PULLMAN, Wash.–The closing months of 2000 leveraged continued strength of the state’s economy and lower mortgage interest rates into a stronger housing market than had existed a year earlier, according to a report prepared by the Washington Center for Real Estate Research at Washington State University.
A total of 28,350 resale housing transactions took place between October and December, an increase of 1.2 percent over levels for the same period in 1999. Housing construction, as indicated by residential building permits, also increased. The typical home price was reported at $177,400, 2.9 percent higher than the closing quarter of 1999.
The statistics, produced in cooperation with the Washington Association of Realtors, reflected a continued strong overall market. “Existing home sales in 2000 were the second highest on record,” said Glenn Crellin, WCRER director.

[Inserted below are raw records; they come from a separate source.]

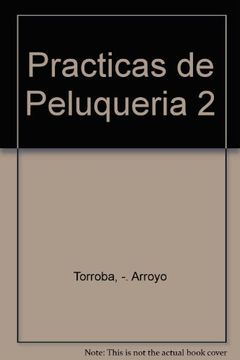 portada practicas de peluqueria 2. 4âª ed.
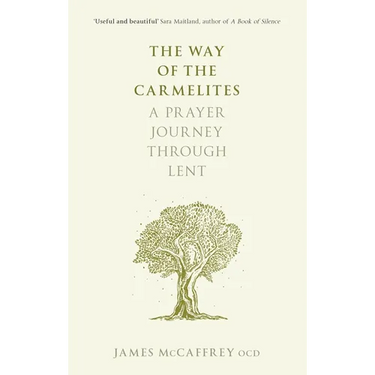 The Way of the Carmelites: A Prayer Journey Through Lent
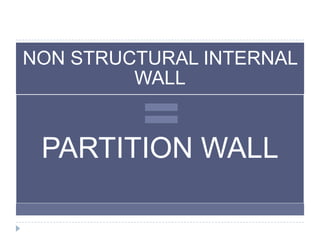 NON STRUCTURAL INTERNAL
WALL
PARTITION WALL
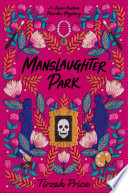 Manslaughter Park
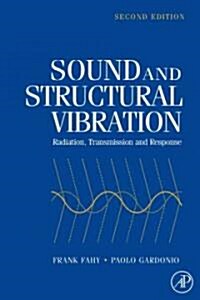 Sound and Structural Vibration: Radiation, Transmission and Response (Paperback, 2)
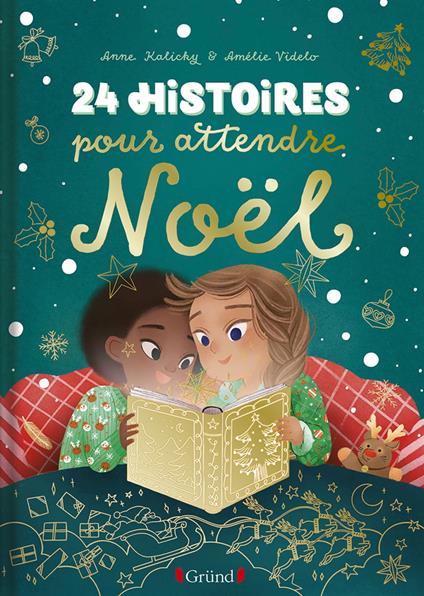 24 histoires pour attendre Noël – Album jeunesse – À partir de 3 ans - Anne Kalicky,Amélie Videlo - ebook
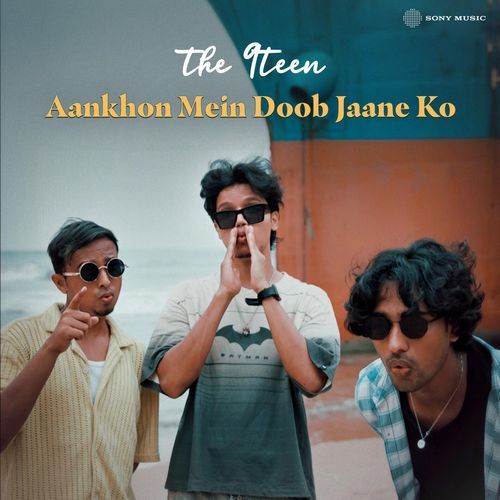 download THE 9TEEN, Sandesh Shandilya, THE 9TEEN & Sandesh Shandilya  Aankhon Mein Doob Jaane Ko mp3 Single Tracks song 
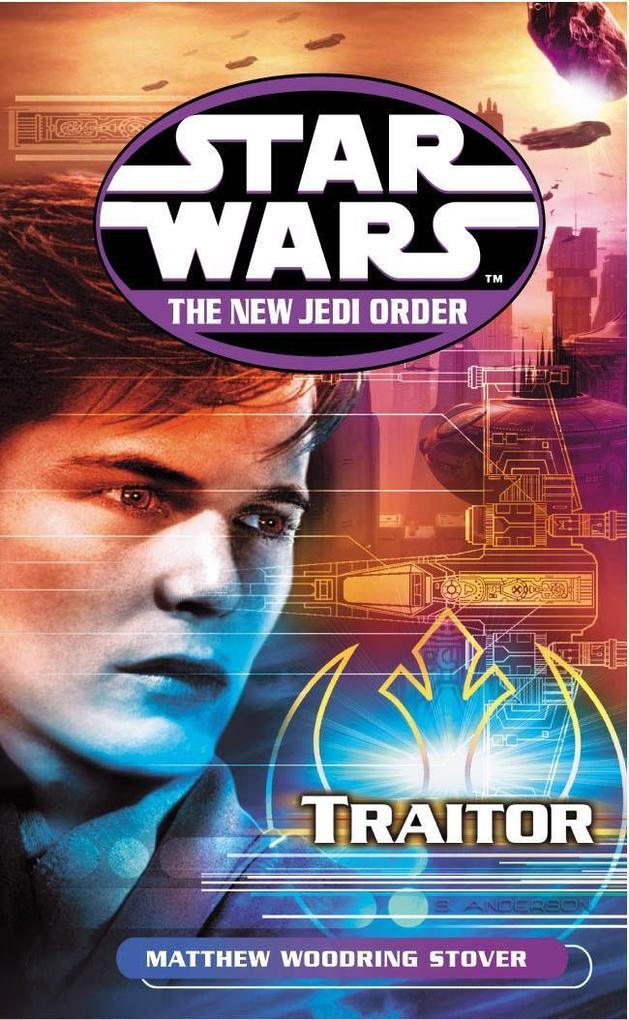 Star Wars: The New Jedi Order - Traitor - Matthew Stover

“Most local housing markets shared in the improvement,” said Cheryl Ferrier, a Bellingham real estate agent and 2001 WAR president. “National home ownership rates are increasing, and Washington households are worried that continued price increases will make it impossible to own a home if they don’t act quickly.”
Among Washington’s 11 urban counties, eight reported sales activity higher than last year, led by a 14.6 percent jump in Yakima County. Meanwhile, King, Kitsap and Thurston counties reported slower home sales, with the largest decline in the state’s most populous area. Among the more rural areas, the highly local nature of real estate markets was apparent, with some areas reporting significantly fewer sales than a year ago and others experiencing significant jumps in activity.
Median sales prices increased but at a rate that has slowed in recent months, indicating the market is finally stabilizing, said Crellin. The most expensive prevailing prices were in San Juan County with a $300,000 median. King County’s $250,000 median was the most costly urban area. The typical home sold in Pacific or Grays Harbor County was still less than $80,000.
“The best news, however, is that housing affordability continued to improve,” said Crellin. The typical family in Washington could still afford the median price home. WCRER uses the Housing Affordability Index first produced at the National Association of Realtors to measure the ability of a middle-income family to afford the typical home in their local market. Indices above 100 indicate the typical family could purchase a representative home. The all-buyer index of 114.8 indicates Washington residents have an income cushion of nearly 15 percent–greater than last quarter or last year.
For households hoping to purchase a first home in Washington, a first-time buyer index, which assumes a lower purchase price and a significantly lower income because it includes single-person households as well as families, stood at 68.3, indicating that it is still very difficult to become a homeowner. “Fortunately, housing affordability has also improved for first-time buyers compared to last quarter and last year,” said Crellin.
WCRER and WAR have produced the statistics since early 1994, timing quarterly releases to coincide with wire releases of existing home sales by state and median home prices by metropolitan area from NAR.